-Re: full table scan
Himanshu Vashishtha 2011-06-06, 19:41
How big is each row? Are you using scanner cache? You just fetching all the
rows to the client, and?.
300k is not big (It seems you have 1'ish region, that could explain similar
timing). Add more data and mapreduce will pick up!
On Mon, Jun 6, 2011 at 8:59 AM, Christopher Tarnas <[EMAIL PROTECTED]> wrote:
> How many regions does your table have?
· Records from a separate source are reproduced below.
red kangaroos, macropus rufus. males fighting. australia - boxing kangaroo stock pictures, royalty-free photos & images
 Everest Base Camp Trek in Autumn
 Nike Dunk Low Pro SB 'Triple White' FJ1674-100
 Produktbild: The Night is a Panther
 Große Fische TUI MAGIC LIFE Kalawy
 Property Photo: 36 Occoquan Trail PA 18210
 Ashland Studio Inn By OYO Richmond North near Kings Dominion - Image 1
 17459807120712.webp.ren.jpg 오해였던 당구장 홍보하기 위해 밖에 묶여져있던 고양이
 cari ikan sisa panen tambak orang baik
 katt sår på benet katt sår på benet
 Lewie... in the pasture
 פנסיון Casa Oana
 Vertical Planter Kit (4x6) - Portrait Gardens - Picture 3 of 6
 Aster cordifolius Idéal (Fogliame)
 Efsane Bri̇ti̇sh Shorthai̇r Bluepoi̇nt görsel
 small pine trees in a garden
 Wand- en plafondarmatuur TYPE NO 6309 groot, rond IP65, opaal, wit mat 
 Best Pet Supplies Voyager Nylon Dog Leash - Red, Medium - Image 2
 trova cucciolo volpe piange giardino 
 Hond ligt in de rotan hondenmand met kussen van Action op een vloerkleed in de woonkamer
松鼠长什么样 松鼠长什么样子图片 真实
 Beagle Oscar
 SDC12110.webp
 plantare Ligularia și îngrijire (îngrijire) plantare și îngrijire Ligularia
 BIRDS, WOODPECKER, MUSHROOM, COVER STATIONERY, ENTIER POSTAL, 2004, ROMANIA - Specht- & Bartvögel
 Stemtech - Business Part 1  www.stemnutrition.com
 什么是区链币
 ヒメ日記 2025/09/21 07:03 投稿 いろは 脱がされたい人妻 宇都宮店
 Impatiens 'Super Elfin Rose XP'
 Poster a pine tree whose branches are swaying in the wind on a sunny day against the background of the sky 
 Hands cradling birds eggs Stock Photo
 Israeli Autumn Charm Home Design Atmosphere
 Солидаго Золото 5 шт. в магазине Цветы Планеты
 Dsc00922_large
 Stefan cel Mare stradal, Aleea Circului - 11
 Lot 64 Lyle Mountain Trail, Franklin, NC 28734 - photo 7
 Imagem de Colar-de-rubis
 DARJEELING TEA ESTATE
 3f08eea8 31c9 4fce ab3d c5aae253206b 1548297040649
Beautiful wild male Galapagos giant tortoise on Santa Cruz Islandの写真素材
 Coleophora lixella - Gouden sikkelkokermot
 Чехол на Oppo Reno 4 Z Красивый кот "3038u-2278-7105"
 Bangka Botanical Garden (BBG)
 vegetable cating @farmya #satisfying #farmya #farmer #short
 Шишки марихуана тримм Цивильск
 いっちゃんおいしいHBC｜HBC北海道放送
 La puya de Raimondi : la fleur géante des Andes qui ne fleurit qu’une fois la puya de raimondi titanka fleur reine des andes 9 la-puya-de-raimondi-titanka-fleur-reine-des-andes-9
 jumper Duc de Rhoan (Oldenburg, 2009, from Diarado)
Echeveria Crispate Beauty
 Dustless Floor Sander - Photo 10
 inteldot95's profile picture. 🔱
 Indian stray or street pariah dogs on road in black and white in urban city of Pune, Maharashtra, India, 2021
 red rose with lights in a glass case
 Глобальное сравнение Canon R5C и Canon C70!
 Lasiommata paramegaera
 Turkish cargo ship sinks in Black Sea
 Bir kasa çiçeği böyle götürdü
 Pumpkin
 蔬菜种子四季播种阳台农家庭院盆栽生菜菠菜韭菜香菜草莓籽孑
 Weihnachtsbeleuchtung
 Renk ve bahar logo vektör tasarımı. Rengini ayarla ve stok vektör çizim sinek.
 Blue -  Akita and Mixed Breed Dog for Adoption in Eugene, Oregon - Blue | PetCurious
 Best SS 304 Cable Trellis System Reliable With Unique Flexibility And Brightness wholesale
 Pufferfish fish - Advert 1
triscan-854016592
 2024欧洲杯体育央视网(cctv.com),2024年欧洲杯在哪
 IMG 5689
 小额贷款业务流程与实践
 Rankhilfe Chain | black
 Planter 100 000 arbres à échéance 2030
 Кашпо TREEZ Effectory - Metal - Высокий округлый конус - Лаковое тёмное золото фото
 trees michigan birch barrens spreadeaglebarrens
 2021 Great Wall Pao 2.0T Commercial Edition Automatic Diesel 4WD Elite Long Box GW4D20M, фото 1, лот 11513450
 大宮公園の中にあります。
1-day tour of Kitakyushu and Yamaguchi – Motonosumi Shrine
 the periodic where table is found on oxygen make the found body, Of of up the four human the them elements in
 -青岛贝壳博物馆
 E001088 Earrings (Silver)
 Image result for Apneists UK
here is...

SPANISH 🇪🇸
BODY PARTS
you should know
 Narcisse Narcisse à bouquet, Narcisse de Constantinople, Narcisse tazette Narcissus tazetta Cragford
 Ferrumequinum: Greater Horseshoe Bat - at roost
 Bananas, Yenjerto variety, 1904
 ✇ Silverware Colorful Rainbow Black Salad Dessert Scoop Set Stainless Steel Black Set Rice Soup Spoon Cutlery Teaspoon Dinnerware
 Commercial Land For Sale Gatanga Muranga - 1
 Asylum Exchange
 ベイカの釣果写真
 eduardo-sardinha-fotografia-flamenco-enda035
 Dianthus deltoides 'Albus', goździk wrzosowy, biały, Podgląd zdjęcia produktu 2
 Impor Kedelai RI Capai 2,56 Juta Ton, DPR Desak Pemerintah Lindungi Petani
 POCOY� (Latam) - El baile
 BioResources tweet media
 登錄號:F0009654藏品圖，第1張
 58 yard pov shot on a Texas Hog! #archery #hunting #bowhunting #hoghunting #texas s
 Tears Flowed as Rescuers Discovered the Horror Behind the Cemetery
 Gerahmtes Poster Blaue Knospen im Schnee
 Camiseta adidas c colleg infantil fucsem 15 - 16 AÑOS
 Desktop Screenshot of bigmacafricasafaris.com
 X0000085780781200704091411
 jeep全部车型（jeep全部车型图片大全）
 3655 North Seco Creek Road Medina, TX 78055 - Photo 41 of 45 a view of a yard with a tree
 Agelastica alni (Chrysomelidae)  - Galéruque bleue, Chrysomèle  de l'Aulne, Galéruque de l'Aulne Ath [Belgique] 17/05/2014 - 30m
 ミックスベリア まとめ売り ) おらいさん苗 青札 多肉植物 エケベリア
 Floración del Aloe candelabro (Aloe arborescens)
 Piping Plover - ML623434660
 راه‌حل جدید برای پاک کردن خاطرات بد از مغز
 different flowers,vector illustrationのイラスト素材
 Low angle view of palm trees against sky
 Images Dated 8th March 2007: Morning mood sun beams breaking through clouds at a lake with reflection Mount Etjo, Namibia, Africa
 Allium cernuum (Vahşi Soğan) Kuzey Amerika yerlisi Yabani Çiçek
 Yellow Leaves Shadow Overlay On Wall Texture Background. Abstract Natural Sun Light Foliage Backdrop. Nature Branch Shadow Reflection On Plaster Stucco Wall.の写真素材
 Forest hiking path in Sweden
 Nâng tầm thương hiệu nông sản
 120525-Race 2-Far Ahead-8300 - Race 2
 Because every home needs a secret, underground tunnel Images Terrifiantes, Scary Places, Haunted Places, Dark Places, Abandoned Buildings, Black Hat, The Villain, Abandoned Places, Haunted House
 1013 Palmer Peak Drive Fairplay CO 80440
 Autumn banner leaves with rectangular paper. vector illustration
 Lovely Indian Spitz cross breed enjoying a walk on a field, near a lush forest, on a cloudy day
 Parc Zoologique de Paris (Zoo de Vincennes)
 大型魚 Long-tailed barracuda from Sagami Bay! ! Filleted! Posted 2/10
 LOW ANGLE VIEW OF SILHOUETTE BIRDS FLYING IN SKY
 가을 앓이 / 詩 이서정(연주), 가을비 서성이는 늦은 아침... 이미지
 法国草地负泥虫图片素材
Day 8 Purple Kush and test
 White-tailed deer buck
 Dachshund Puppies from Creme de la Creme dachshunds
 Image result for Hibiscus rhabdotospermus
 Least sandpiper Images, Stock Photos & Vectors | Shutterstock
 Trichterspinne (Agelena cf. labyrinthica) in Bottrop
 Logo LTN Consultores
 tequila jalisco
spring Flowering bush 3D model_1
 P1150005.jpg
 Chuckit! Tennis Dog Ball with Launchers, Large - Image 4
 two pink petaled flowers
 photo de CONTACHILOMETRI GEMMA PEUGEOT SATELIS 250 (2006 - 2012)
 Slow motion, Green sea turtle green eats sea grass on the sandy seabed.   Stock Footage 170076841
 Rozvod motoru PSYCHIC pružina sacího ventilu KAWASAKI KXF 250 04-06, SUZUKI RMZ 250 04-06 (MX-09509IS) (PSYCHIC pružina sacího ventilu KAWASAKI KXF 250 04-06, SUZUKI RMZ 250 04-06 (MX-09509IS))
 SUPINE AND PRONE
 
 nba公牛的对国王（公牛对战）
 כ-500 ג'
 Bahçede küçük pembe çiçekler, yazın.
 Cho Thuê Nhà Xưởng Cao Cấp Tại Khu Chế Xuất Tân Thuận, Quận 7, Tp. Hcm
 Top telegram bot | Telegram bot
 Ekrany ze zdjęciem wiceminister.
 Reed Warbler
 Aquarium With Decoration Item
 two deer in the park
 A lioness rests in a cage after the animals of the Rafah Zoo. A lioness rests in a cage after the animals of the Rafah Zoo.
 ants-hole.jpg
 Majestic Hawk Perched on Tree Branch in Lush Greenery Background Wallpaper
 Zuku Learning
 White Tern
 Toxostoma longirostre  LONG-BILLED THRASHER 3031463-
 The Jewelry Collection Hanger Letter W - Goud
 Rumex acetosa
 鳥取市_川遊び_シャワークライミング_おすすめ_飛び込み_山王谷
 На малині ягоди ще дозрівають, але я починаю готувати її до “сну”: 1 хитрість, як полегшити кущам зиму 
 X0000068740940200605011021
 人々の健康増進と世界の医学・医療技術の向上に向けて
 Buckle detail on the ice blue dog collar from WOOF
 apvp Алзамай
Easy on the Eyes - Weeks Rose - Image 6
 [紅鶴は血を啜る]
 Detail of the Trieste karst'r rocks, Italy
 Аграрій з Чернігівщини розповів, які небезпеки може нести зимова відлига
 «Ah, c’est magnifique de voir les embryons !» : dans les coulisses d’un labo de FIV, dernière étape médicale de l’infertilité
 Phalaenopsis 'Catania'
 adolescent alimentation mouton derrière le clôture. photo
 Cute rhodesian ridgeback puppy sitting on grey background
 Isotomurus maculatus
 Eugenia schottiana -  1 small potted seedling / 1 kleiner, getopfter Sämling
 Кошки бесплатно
If all of the data is still in one
> region then you will be rate limited by how fast that single region can be
> read. 3 nodes is also pretty small, the more nodes you have the better (at
> least 5 for dev and test and 10+ for production has been my experience).
> Also, with only 4 servers you probably only need one zookeeper node; you
> will not be putting it under any serious load and you already have a SPOF
> server1 (namenode, hbase master, etc).
> On Mon, Jun 6, 2011 at 3:48 AM, Andreas Reiter <[EMAIL PROTECTED]> wrote:
> > hello everybody
> > i'm trying to scan my hbase table for reporting purposes
> > the cluster has 4 servers:
> > - server1: namenode, secondary namenode, jobtracker, hbase master,
> > zookeeper1
> > - server2: datanode, tasktracker, hbase regionserver, zookeeper2
> > - server3: datanode, tasktracker, hbase regionserver, zookeeper3
> > - server4: datanode, tasktracker, hbase regionserver
> > everything seems to work properly
> > versions:
> > - hadoop-0.20.2-CDH3B4
> > - hbase-0.90.1-CDH3B4
> > - zookeeper-3.3.2-CDH3B4
> > at the moment our hbase table has 300000 entries
> > if i do a table scan over the hbase api (at the moment without a filter)
> > ResultScanner scanner = table.getScanner(...);
> > it takes about 60 seconds to process, which is actually okey, because all
> > records are processed be only one thread sequentially
> > BUT it takes approximately the same time, if i do a scan over Map&Reduce
> > job using TableInputFormat
> > i'm definitely doing something wrong, because the processing time is
> > up directly proportional to the number of rows.
> > in my understanding, the big advantage of hadoop/hbase is, that huge
> > numbers of entries can be processed in parallel and very fast
> > 300k entries are not much, we expecting this number to be added hourly to
> > our cluster, but the processing time is increasing, which is actually not
> > acceptable
> > any one an idea, what i'm doing wrong?
> > best regards
> > andre